Vivek Wadhwa, a tech entrepreneur in the Triangle best known for his work at Relativity and his outspoken candor about the perils of venture capital financing, returns to Durham on Monday to deliver a lecture about the future of technology.

Wadhwa, who now lives in California, has evolved into an academic and author, writing for a variety of publications about technology and especially issues involving immigration – with a big emphasis on high-tech workers and engineers. But his talk, which is being hosted by Duke’s Pratt School of Engineering, focuses on another aspect of engineering.

The technology of discovery and innovation.

Wadhwa plans to discuss “the advances in technology that will transform industries and help us solve humanity’s grand challenges,” he says.

“This is what I have been learning for the last two years at Singularity University.”

Wadhwa, who started his march into academia with a posting at Duke, is the vice president of Academics and Innovations at Singularity. Singularity was founded by tech visionary Ray Kurzweil.

The title of the speech:

“How Engineers Can Save the World: Why this will be the most innovative decade in history for solving the Engineering Grand Challenges”

Wadhwa returns to the Triangle with a new honor and positive reviews about his first book.

The World Technology Network Summit in New Tork last week presented Wadhwa with its technology policy award. He had delivered the keynote address in place of Kurzweil, who had done so the previous two years, but didn’t stick around for an awards event.

“They asked me to give the keynote in place of Ray Kurzweil—who has done this for the last two years. And they wanted me to stay for the gala because I was a finalist for the technology policy award,” Wadhwa wrote in an e-mail.

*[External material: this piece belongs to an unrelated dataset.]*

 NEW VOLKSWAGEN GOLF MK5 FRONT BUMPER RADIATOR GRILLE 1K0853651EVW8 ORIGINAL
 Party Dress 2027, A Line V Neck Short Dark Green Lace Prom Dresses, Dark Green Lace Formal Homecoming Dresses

“When I saw the list of finalists—Barack Obama, Angela Merkel, Aneesh Chopra, I thought someone was “pulling my leg”. I jokingly tweeted that I welcomed a debate with Obama on policy. And I returned home early and missed the gala.

“But as my flight landed in San Francisco, two hours ago, I learned that I had won.”

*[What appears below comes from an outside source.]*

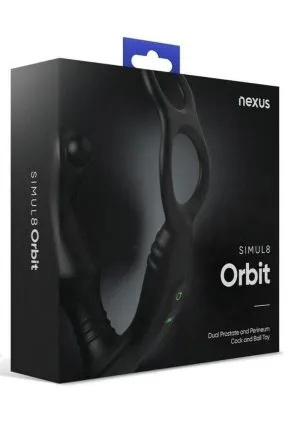Nexus SIMUL8 Orbit Edition Rechargeable Silicone Vibrating Dual Motor Anal Cock and Ball Massager - Black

Wadhwa’s book focuses on the immigration issue and is a summing up of work he along with students at Duke and elsewhere in examining what continues to be a sore spot: Recruiting and retaining high-tech immigrants while the U.S. economy continues to struggle and high-tech jobs, especially for engineers, remain in demand.

Wadhwa’s book is titled: “The Immigrant Exodus: Why America is Losing the Global Race to Capture Entrepreneurial Talent.”

A number of reviewers have praised it, including The Financial Times.

“As a rule, open economies tend to grow faster than closed ones. Those, such as the US, that take the huddled masses to its bosom, have an unbeatable advantage over societies that shut them out. Until they stop doing so, that is,” a reviewer wrote.

“There is no better monitor of America’s shifting immigration regime than Vivek Wadhwa. Born in India, the entrepreneur and Duke University scholar fell in love with the US as a child when his father was on a posting to New York.

“’I also fell in love with the American people,’” he writes in this new book, The Immigrant Exodus. ‘They were kind and open-minded.’

“Today, Wadhwa says, he would be unlikely to get a green card, let alone US citizenship.”

Wadhwa will speal at 7 p.m. in the Fitzpatrick Schiciano Auditorium.